Il existe une nette division du travail institutionnel entre ces trois acteurs.

Les contributeurs créent une valeur d’usage qui réside dans l’innovation partagée de communs de la connaissance, de design ou de code.

L’association à but non lucratif gère et défend l’infrastructure générale de la coopération qui rend le projet soutenable « collectivement ». Par exemple, la Fondation Wikimedia collecte les fonds qui servent à financer l’espace nécessaire de serveurs sans lequel le projet Wikipédia ne pourrait exister.

La coalition d’entrepreneurs rend viable l’activité des contributeurs individuels en leur fournissant un revenu et, bien souvent, elle apporte aussi les moyens financiers qui permettent d’assurer la pérennité des associations à but non lucratif.

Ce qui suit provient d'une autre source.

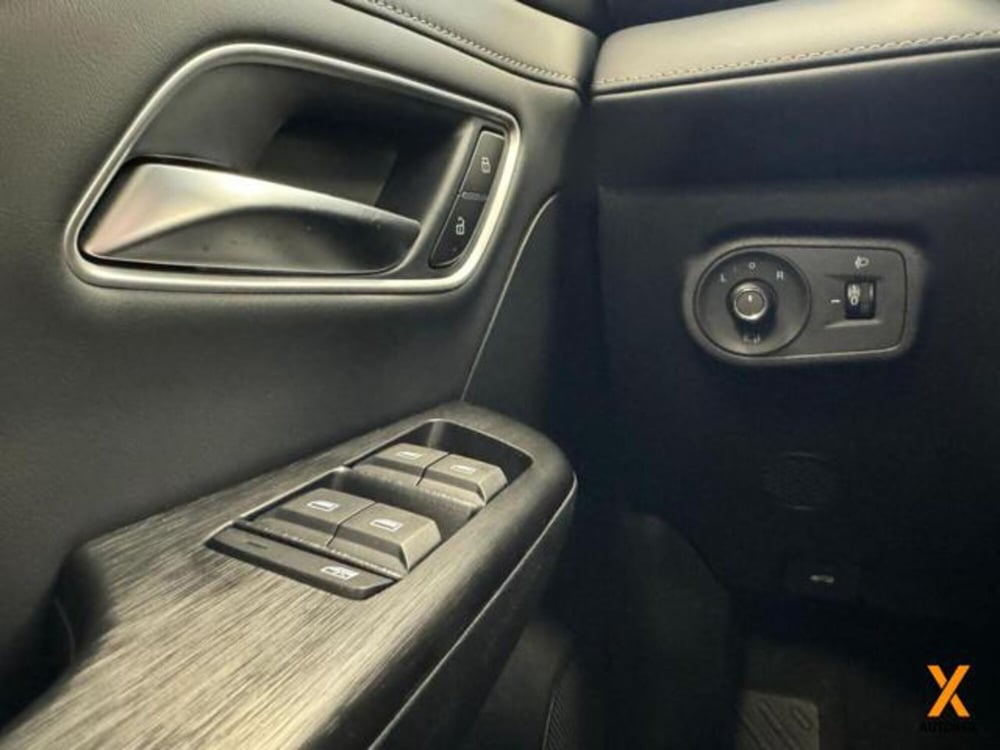 Mg ZS EV nuova a Varese (20)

Par ailleurs, pouvons-nous acquérir des connaissances sur l’organisation de ce nouveau mode de création de valeur, apprendre quelque chose d’utile, non seulement à ces communautés, mais aussi à la société dans son ensemble ? Ces nouvelles pratiques sociales pourraient-elles faire apparaître une nouvelle forme de pouvoir et un nouveau modèle de démocratie pouvant servir de réponse à la crise de la démocratie que nous connaissons actuellement ? Je répondrais résolument par un OUI à cette question et, plus encore, je dirais que nous assistons à la naissance d’une nouvelle forme d’État, un État « P2P » si l’on veut.

Examinons les mécanismes du pouvoir et les stratégies de la production entre pairs.

1. La logique post-démocratique de la communauté

Précisons avant tout, et c’est plutôt surprenant, que ces communautés ne sont pas des démocraties. Pourquoi donc ? Tout simplement parce que la démocratie, le marché et la hiérarchie sont des modes de répartition de ressources limitées.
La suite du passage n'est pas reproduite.